We drove straight back to the B&B, no stops, and then watched the final 30 km of today's stage of the Tour.

Tonight we're dining in the village of Villars, which is only 4 km from here.  It's a tiny village with only one restaurant.  We've been there twice before, so we're looking forward to a great meal.


Saturday, July 12, 2014

Day 11-July 12

Another beautiful day in Provence.  Up at 6:30, on bike by 7:00, again rode to Rousillon where I enjoyed l'Equipe, a croissant, and a cofffee while overlooking the ochre cliffs and the Luberon farmland below.  Back at Le Mas Perreal in time to shower before breakfast.  Kevin and Elizabeth serrved waffles with apricots today.
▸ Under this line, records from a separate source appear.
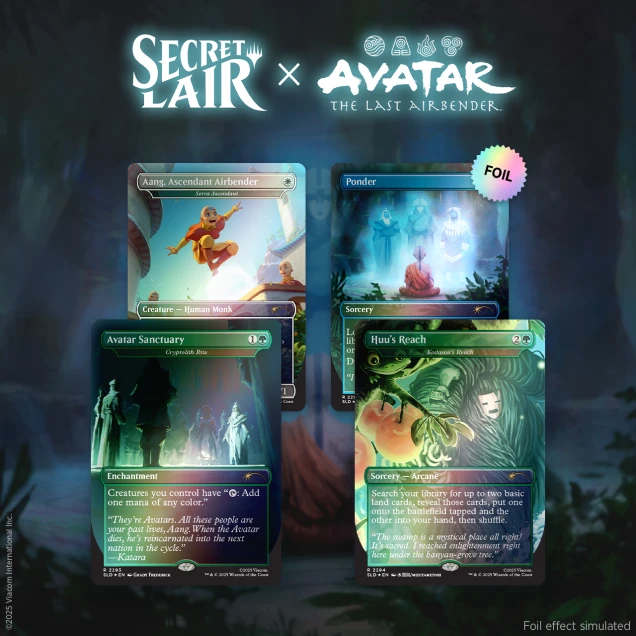 MTG: Secret Lair - Secret Lair x Avatar: The Last Airbender | A Lot to Learn Foil Edition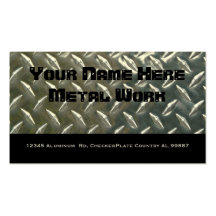 Two Sided Aluminum Metal for Mechanic or ? Business Cards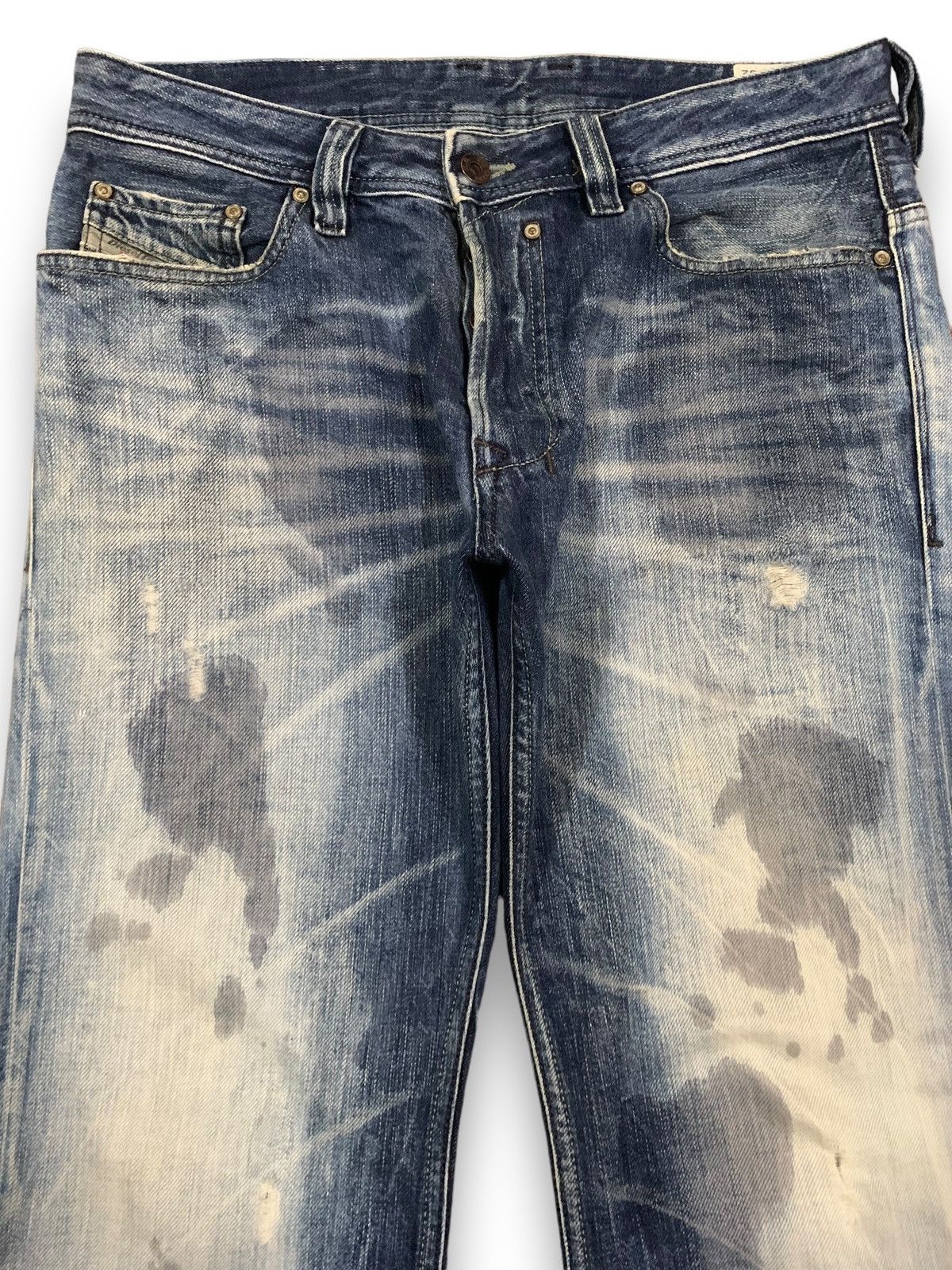Diesel Vintage Diesel Industry Safado Bleached Grunge Ripped Jeans Size US 32 / EU 48 - 3 Thumbnail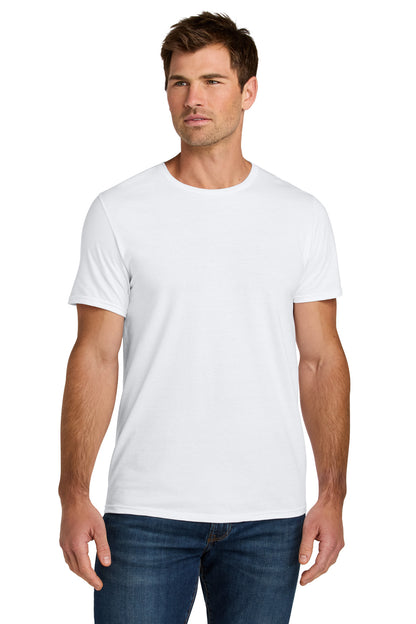 Front View of White Jerzees Ultimate Unisex Ring Spun T-Shirt IC46M plain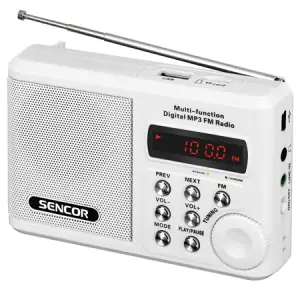 Radio Portabil Micro Sd Alb Sencor - 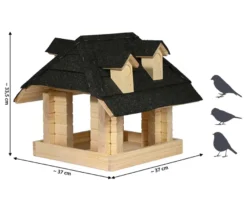 Vogelhaus »Sort« aus Massivholz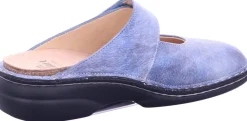 Finn Comfort Klassische Sandalen blau STANFORD Jeans-Damen Sandalen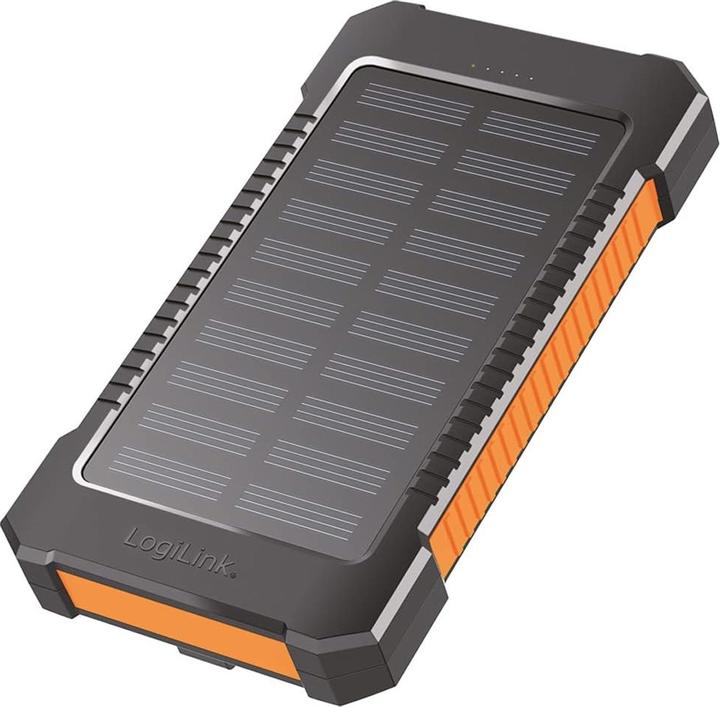 Image du produit LogiLink Banque d'énergie solaire (8000 mAh, 10 W, 29.60 Wh)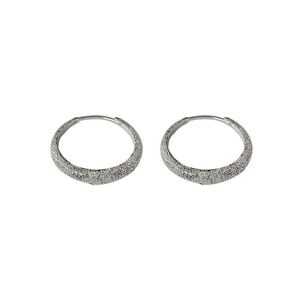 Elegant Shining 925 Sterling Silver Hoop Earrings &ndash; 925 sterling silver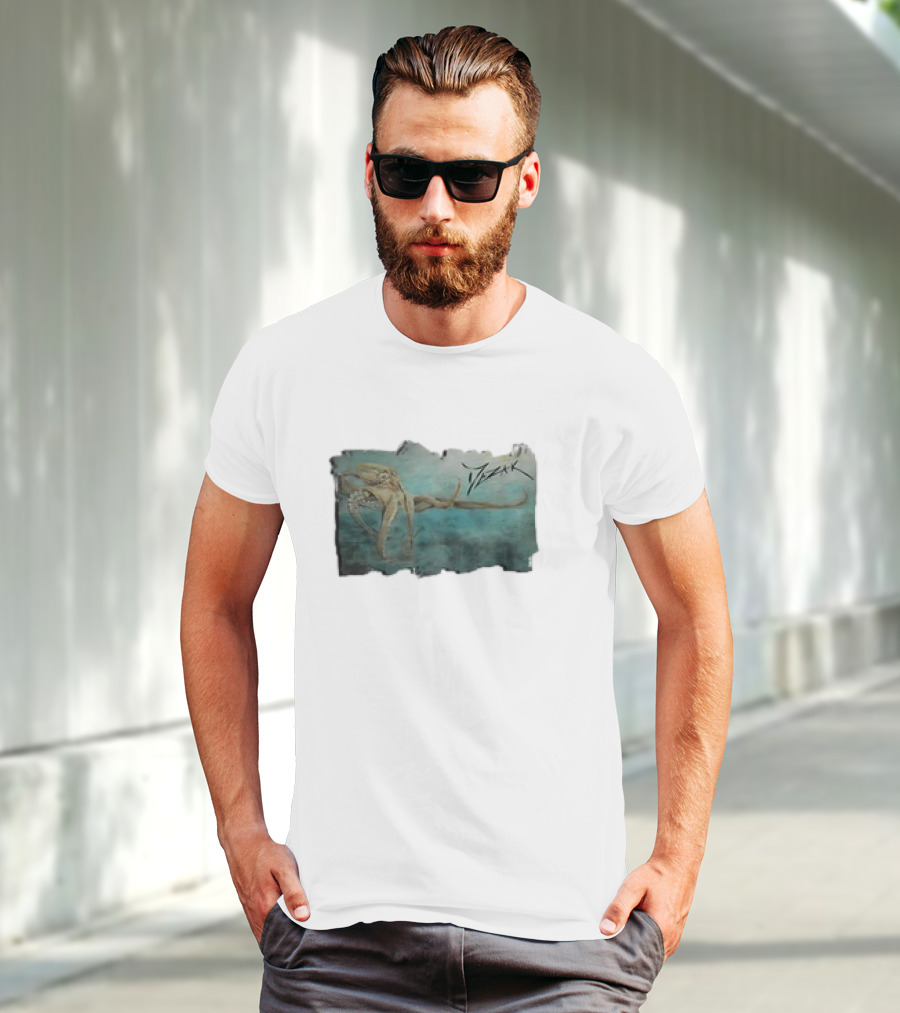 Mezak Art Solitary Octopus Ocean Scene T-Shirt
Yummy!

We took the "Lavender Route" to the village of Sault which sits a the foot of Mont Ventoux.  The window for viewing lavender in Provence is much like foliage season in New Hampshire.  You can never predict exactly when it will come and it varies depending on elevation.  We hit the jackpot.  Absolutely incredible!



In Sault, I read the paper at an outdoor cafe while Joni shopped.  We had a 1:00 pm reservation for lunch, so we really could enjoy a leisurely morning.


 For lunch we returned to the Bistrot de Lagarde, which was one of the few places that we liked so much last visit that we decided to return.  This place is in truly in the middle of nowhere; it's about 15 km from the nearest town, located on the summit plateau of the Monts de Vaucluse, which is a range that runs East-West, parallel to the Luberon.  The restaurant is in a modern building by European standards, and it sits on property that was once part of a nuclear missile bunker.  You can still see the abandoned missile silos.  Weird!

This restaurant also has earned a star in the Michelin guide, and it is rated first in the area on Trip Advisor.  Below is the menu, and photos of most of the courses.  Looking at the menu, the only choice you're offered is between two main dishes, all the starters and desserts are automatic.  I had the goat, and Joni had the fish.


Yes, we were each served all three of these appetizers!
Joni's main dish.  They ran out of the original fish that was supposed to be included, bonito, so the substituted tuna...it wasn't chicken of the sea.

My main dish; goat in a variety of forms.

And yes, we were each served all three of these desserts too!  This is total gluttony...but good!


After this incredible meal, we drove to nearby Simiane le Rotonde to purchase some pottery that we have been continually buying for the past seven years, and then we returned to our B&B. 


Dinner tonight will be simple:  a baguette, some camembert, some rose wine, and a chocolate bar.


...oh yeah, and to top it all, the rose matched my shirt!